How did you become a writer?
When I was an infant my mother, who already had seven children, gave me to my childless aunt to raise as her own child. Then when I was nine years old my father came to my elementary school in Tehran and forcefully took me back to live with him, my birth mother, and siblings in Ahvaz, a town miles away from Tehran. I was happy being an only child to my loving aunt and it was traumatic to be forced into living with my birth family, I hardly knew. This trauma led me to reading books to find answers to my questions. In turn reading led me to writing. In writing I could give shape to incidents that were painful, seemed meaningless or random, chaotic. I found that even if I wrote about a depressing subject, the process itself made me happy. Writing then became an ingrained habit, a need.
Name your writing influences (writers, books, teachers, etc.).
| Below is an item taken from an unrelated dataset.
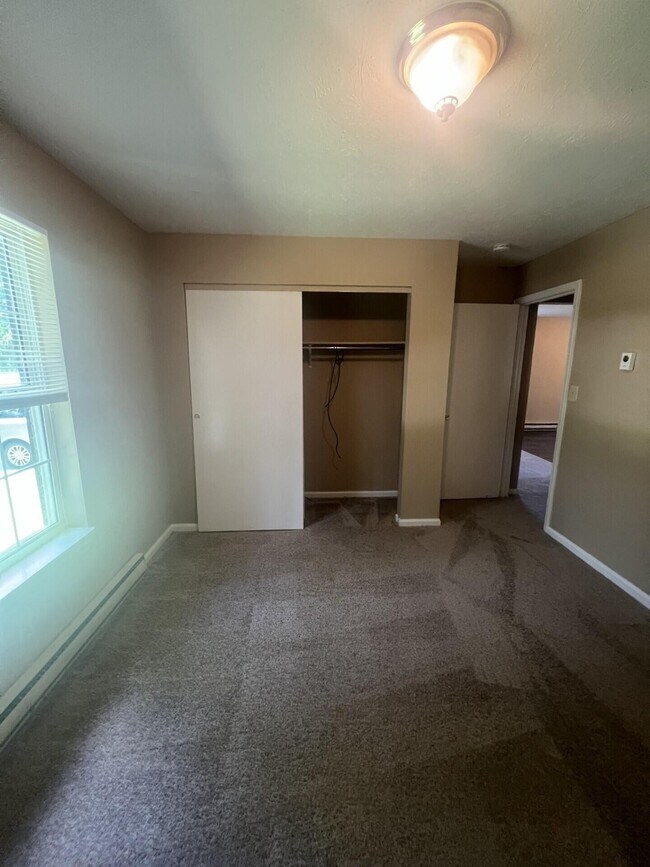 Building Photo - 230 Markham Dr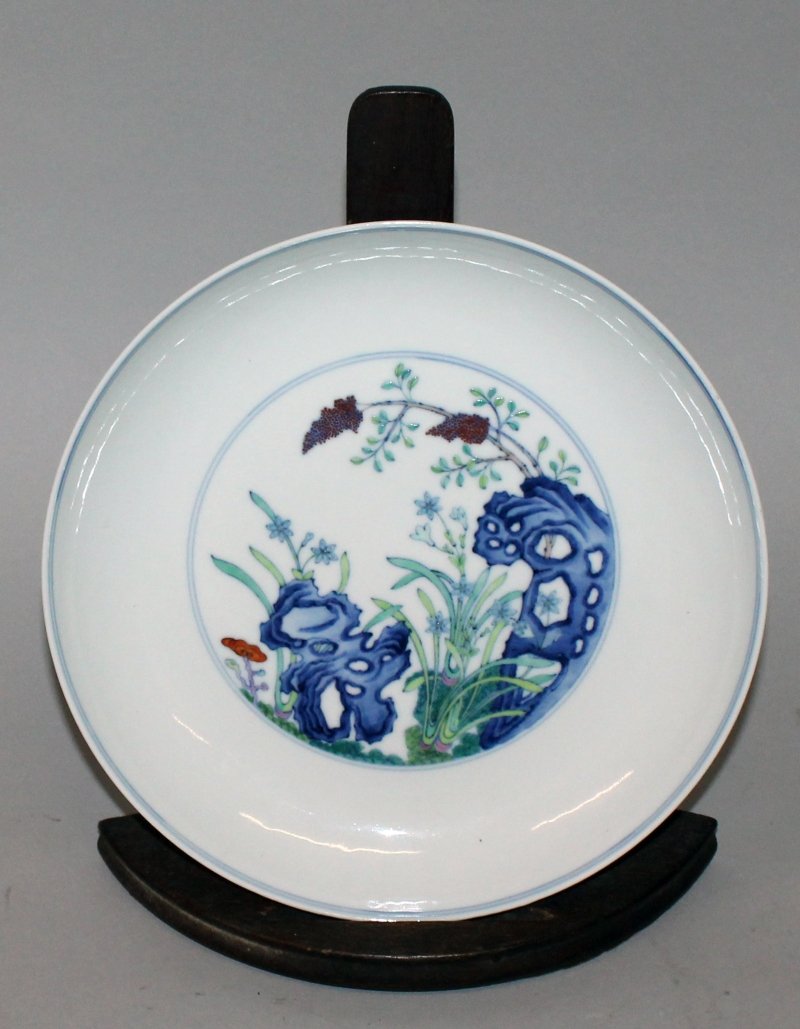 A GOOD QUALITY CHINESE DOUCAI PORCELAIN DISH, together (1 of 5)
When I was in high school, I found a bookstore with books by European and American writers in translation. I read almost everything I found in translation—work by Dostoyevsky, Chekhov, Hemingway, Balzac. Of course, I also read books by Iranian writers. I probably absorbed some of the techniques used by the writers I read. I can’t say I was influenced by a particular writer.
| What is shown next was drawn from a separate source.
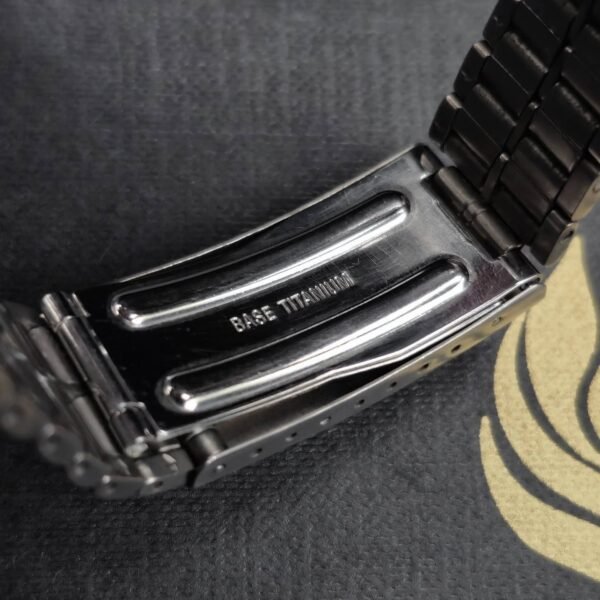 Aureole Quartz – Titanium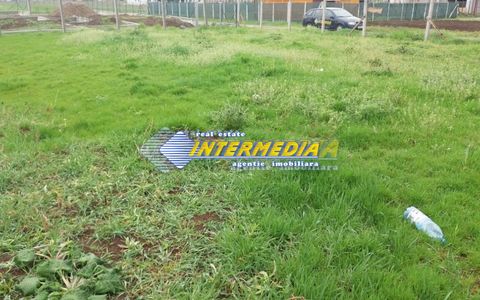 Teren Intravilan de Vanzare 940 mp cu utilitati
One of my composition teachers in high school liked the pieces I handed in for assignments. She was unusual in that she believed women should have a voice and not settle for prescribed roles in the male dominated world I grew up in. She was a big influence on me, both in her encouragement of my writing and my development as a more independent person.
When and where do you write?
I try to write three hours in the morning. If appointments stop me from writing in the morning then I write in the afternoon. I like working at home. So I just go to my desk and start writing.
What are you working on now?
I am putting together a short story collection, that includes a novella. Also I am working on a novel.
Have you ever suffered from writer’s block?
No, I haven’t had a writer’s block, but in general I write slowly. I usually become interested in a particular character or theme and then it takes me a few revisions before I even know what details in the story would convey what I am trying to develop.
What’s your advice to new writers?
If you become too self-critical, you may get a writer’s block. It’s best to just put words on the page, until something clicks. Then be prepared to revise until you are satisfied with the outcome of your story or whatever you are writing. It is also important to read a lot. Reading can inspire you and also show you some techniques that you may not already have.
Nahid Rachlin (http://www.nahidrachlin.com) went to Columbia University Writing Program on a Doubleday-Columbia Fellowship and then to Stanford University MFA program on a Stegner Fellowship. Her publications include a memoir, PERSIAN GIRLS (Penguin), four novels, JUMPING OVER FIRE (City Lights), FOREIGNER (W.W. Norton), MARRIED TO A STRANGER (E.P.Dutton-Penguin), THE HEART'S DESIRE (City Lights), and a collection of short stories, VEILS (City Lights). Her individual short stories have appeared in more than fifty magazines and of her stories was adopted by Symphony Space, “Selected Shorts,” and was aired on NPR’s around the country. She has been judge for several fiction awards and competitions, among them, Grace Paley Prize in Short Fiction (2015) sponsored by AWP, Maureen Egen Writers Exchange Award sponsored by Poets & Writers. She has taught at Barnard College, Yale University and the New School University.